On the first, he notes that Shamim Ara had effectively invalidated ITT, though it did not say it in so many words. On the second issue, he notes that since the purpose of the 1937 Act was to abolish customs that were contrary to Shariat and ITT was contrary to the Quranic tenets, it was abolished by the 1937 Act. Hence, it could not be said to be an integral part of the Muslim faith and could not be immunised by resorting to Article 25. Here, he again disagrees with Justice Nariman, who held that the 1937 Act authorised ITT. Justice Joseph reiterates that the Shamim Ara judgment be upheld and finds ITT to be lacking legal validity, concluding,
“What is held to be bad in the Holy Quran cannot be good in Shariat and, in that sense, what is bad in theology is bad in law as well.” (Shayara Bano v Union of India 2017: para 26)
Conclusion
Having laid out the differences in the three opinions above, we find very few points on which a clear majority position emerges. Even when the judges agree on the outcome, they do so for different reasons. Justices Nariman and Lalit find ITT to be un-Islamic and unconstitutional. Justice Joseph does not go into the question of constitutionality but finds IIT to be un-Islamic and hence, invalid. Thus, by no means can it be concluded that in Shayara Bano case, the Court has declared ITT to be unconstitutional.
On the issue of the constitutional status of personal law, we find an utterly confusing judgment. Two judges hold at one point that uncodified personal law is beyond the scope of the Fundamental Rights, but following rather dubious logic, hold at a later point that the entire domain of personal law is protected as a matter of religious freedom, and they affirm Narasu. Two other judges hold personal law to be subject to the Fundamental Rights, but they do not explicitly set aside Narasu.
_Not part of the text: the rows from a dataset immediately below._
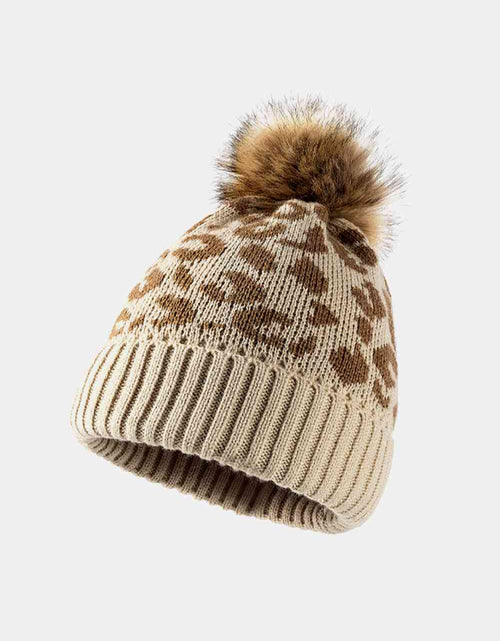 Load image into Gallery viewer, Leopard Pom-Pom Cuffed Beanie
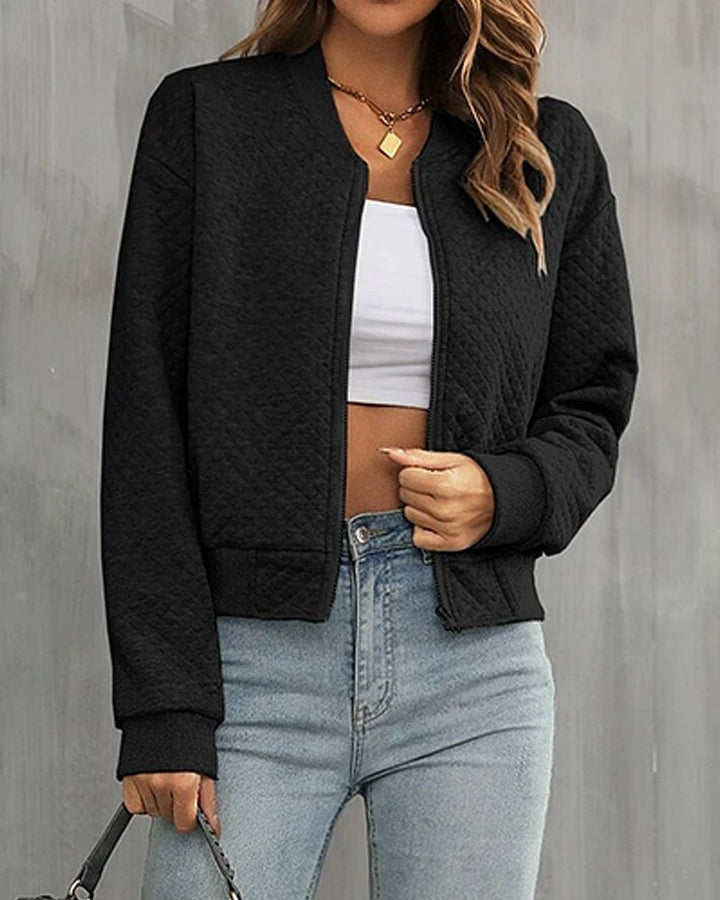 Simone | Women's Quilted Bomber Jacket, Zip-Up Collarless Jacket | Animated Apparel | Black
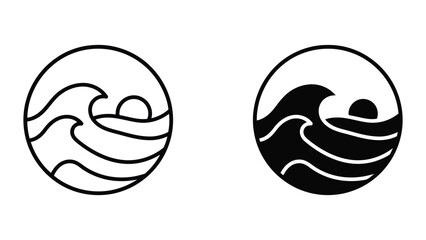 Ocean wave and sun icons within a circle outline and solid black fill for nature and travel themes © AHMED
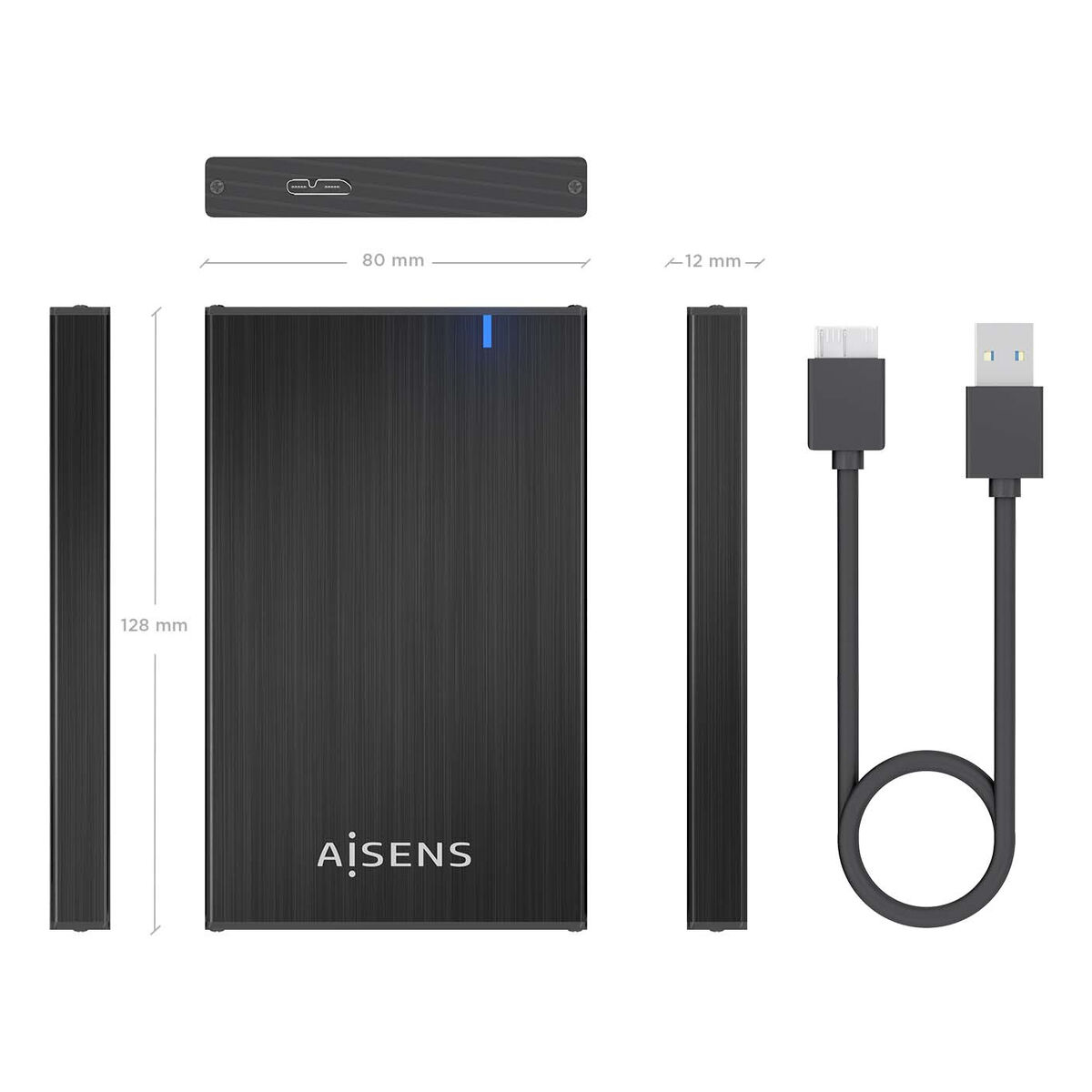 Externlåda Aisens ASE-2527B Svart 2,5" - 2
One judge rejects the proposition that uncodified Muslim personal law can be tested against Fundamental Rights, rejects that it is protected by religious freedom, acknowledges the ghost of Narasu, but avoids the issue altogether. Arguably, Justice Joseph’s approach to the problem shows that it could have been tackled even without a constitutional challenge. But since the petitioners had raised the issue of constitutionality, the judges could have addressed the issue more thoughtfully.
In the final analysis, the judgment in Shayara Bano does not change the legal position of ITT that existed before, but creates confusion on the constitutional status of personal law and misses a great opportunity to elaborate on the constitutional vision of justice for women from minority religious groups.